DATA:
◆ ◆ ◆ ◆

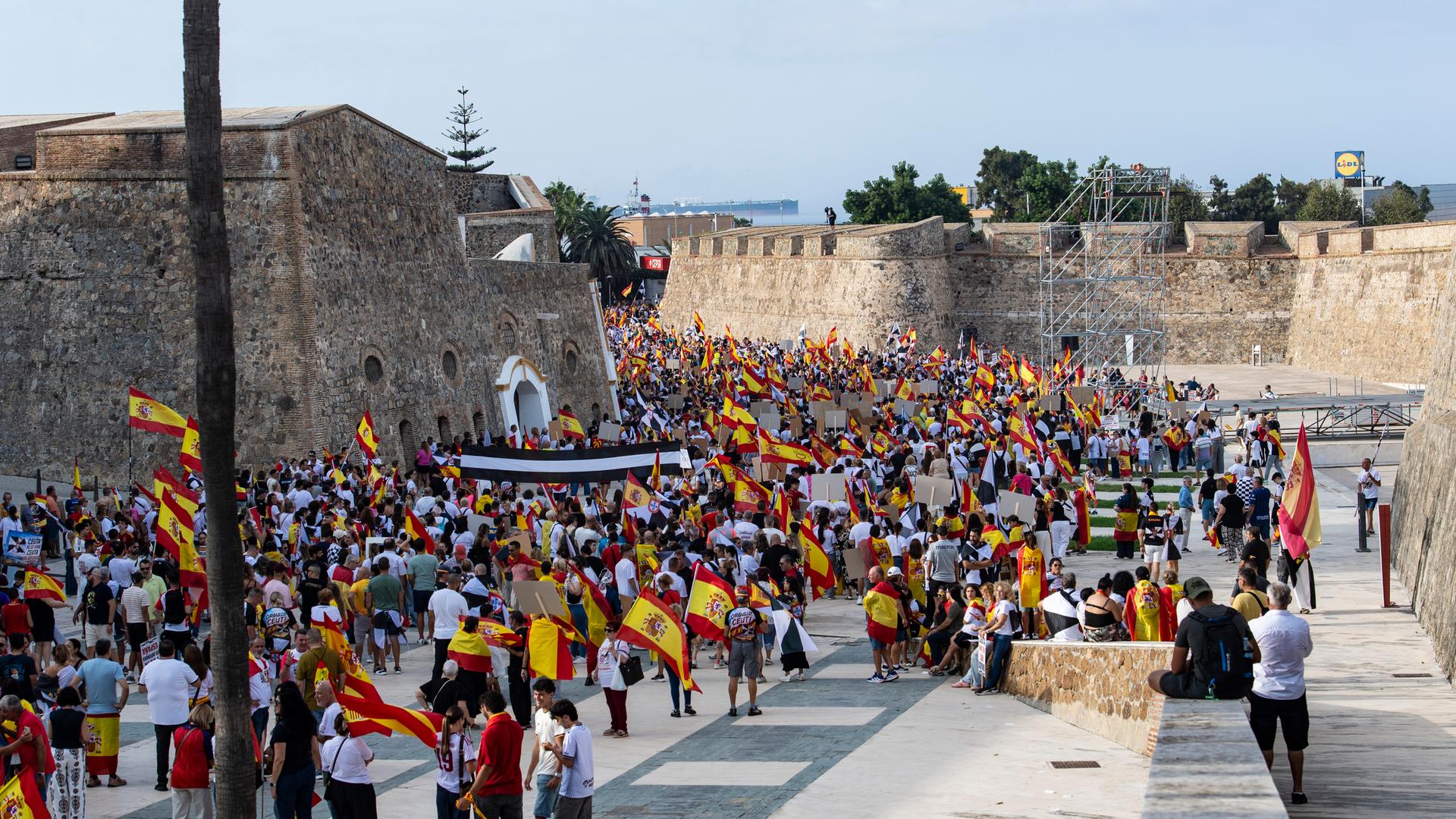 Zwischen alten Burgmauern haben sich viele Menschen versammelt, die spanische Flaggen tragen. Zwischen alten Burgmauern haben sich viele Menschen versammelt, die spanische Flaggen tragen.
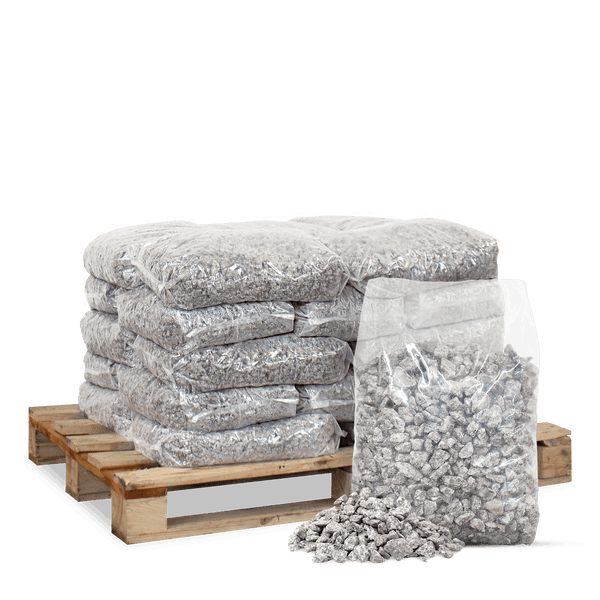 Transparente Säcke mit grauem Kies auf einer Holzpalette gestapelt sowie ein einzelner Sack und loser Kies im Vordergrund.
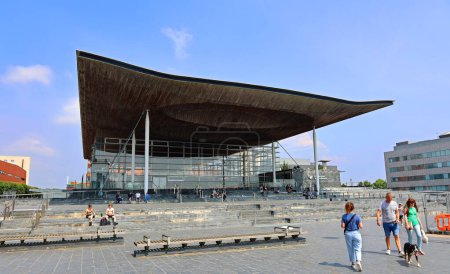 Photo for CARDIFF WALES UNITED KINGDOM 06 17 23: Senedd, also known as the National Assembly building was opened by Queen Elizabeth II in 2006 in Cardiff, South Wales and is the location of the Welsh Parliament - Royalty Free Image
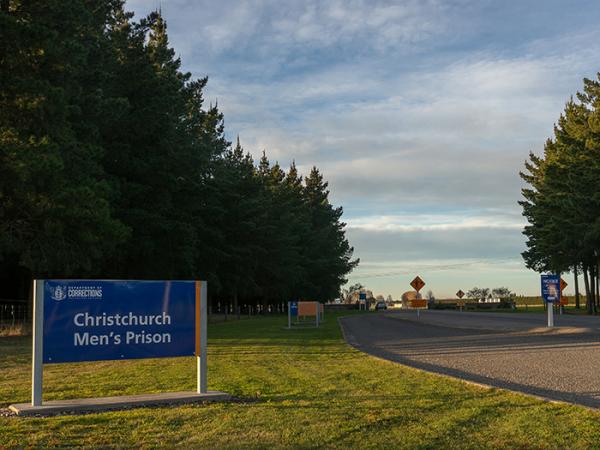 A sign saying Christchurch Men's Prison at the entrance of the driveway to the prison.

◆ ◆ ◆ ◆

AIM OF THE TASK: The copy must start at the line containing "Transparente Säcke mit" and end at the last line of the data, matching each line exactly. It must hold no pictures.

THE COMPLETED TASK:
 Transparente Säcke mit grauem Kies auf einer Holzpalette gestapelt sowie ein einzelner Sack und loser Kies im Vordergrund.
 Photo for CARDIFF WALES UNITED KINGDOM 06 17 23: Senedd, also known as the National Assembly building was opened by Queen Elizabeth II in 2006 in Cardiff, South Wales and is the location of the Welsh Parliament - Royalty Free Image
 A sign saying Christchurch Men's Prison at the entrance of the driveway to the prison.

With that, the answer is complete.